The history of painting hangs heavily over Fiona Rae. The one-time YBA’s work is full of references to abstract artists such as Gerhard Richter or Willem de Kooning, but there’s a struggle here. Hers is a battle between expressive freedom and intense density, between washes of paint that drip lazily across the canvas and thick, oily gestural marks – showing Rae to be more than just the sum of her influences.
To stop you drifting off into these vast fogs of Technicolor abstraction, Rae introduces tiny hints of reality. Kitsch symbols of childish exuberance – pandas, stars and daisies – act as ridiculous figurative signposts dotted across the works, undoing the earnestness of each painting with their alarming cuteness.
Although knowingly playful, at their best these new large-scale works (many over two metres tall, all 2012) can feel monumentally tense, with paint thrashing violently across the canvas.
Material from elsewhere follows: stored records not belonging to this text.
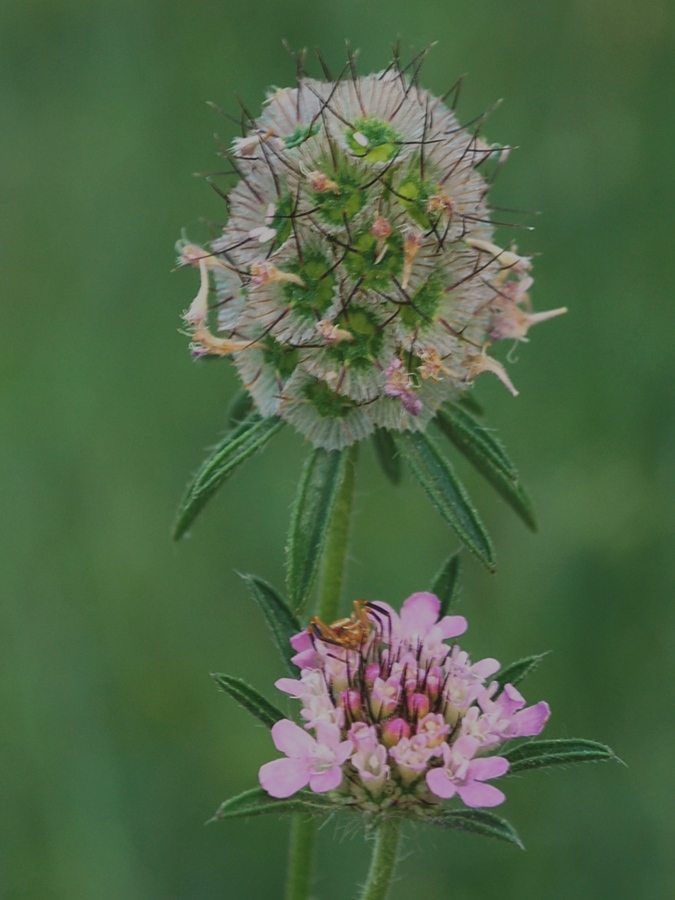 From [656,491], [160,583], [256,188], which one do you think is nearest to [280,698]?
[160,583]

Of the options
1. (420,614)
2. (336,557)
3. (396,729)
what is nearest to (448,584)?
(420,614)

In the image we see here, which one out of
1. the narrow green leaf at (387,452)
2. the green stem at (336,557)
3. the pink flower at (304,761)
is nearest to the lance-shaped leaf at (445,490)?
the narrow green leaf at (387,452)

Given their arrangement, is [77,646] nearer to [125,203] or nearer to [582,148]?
[125,203]

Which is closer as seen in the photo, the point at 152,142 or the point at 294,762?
the point at 294,762

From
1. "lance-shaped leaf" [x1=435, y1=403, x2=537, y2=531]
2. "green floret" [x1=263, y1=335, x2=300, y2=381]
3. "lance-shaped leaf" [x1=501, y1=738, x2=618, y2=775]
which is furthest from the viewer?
"green floret" [x1=263, y1=335, x2=300, y2=381]

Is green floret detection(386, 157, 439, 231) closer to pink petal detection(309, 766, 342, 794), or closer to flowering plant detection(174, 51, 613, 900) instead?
flowering plant detection(174, 51, 613, 900)

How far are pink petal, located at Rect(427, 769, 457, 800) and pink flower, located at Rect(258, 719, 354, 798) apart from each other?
186 millimetres

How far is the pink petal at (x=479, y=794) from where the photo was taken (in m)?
2.56

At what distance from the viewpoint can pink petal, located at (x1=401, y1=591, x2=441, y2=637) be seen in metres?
3.03

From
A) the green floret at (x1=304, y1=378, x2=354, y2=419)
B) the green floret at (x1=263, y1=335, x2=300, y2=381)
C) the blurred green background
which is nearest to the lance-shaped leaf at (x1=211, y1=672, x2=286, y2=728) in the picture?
the green floret at (x1=304, y1=378, x2=354, y2=419)

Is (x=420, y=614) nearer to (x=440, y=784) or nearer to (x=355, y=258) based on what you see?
(x=440, y=784)

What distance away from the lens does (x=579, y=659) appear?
5.61 m

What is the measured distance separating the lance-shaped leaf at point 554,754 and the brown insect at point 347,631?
439mm

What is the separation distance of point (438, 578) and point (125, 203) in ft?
14.6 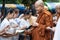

Pieces like ‘Something Is About to Happen!’ are all harsh darkness and chaos. Repeatedly reworked, they show an artist in conflict, fighting to bring a work to life. The quiet beauty of ‘I Need Gentle Conversations’, on the other hand, is a breathless moment of emotional exhaustion. It’s these extremes that are by far the most successful points in Rae’s exhibition.
But the pandas and stars are impossible to ignore. These camp little characters act like distractions scattered across the works, deflecting attention from how busy and overwrought the canvases actually are. But in reality they serve to highlight the struggle of making art and Rae’s deep need, not only to paint, but to justify the act itself.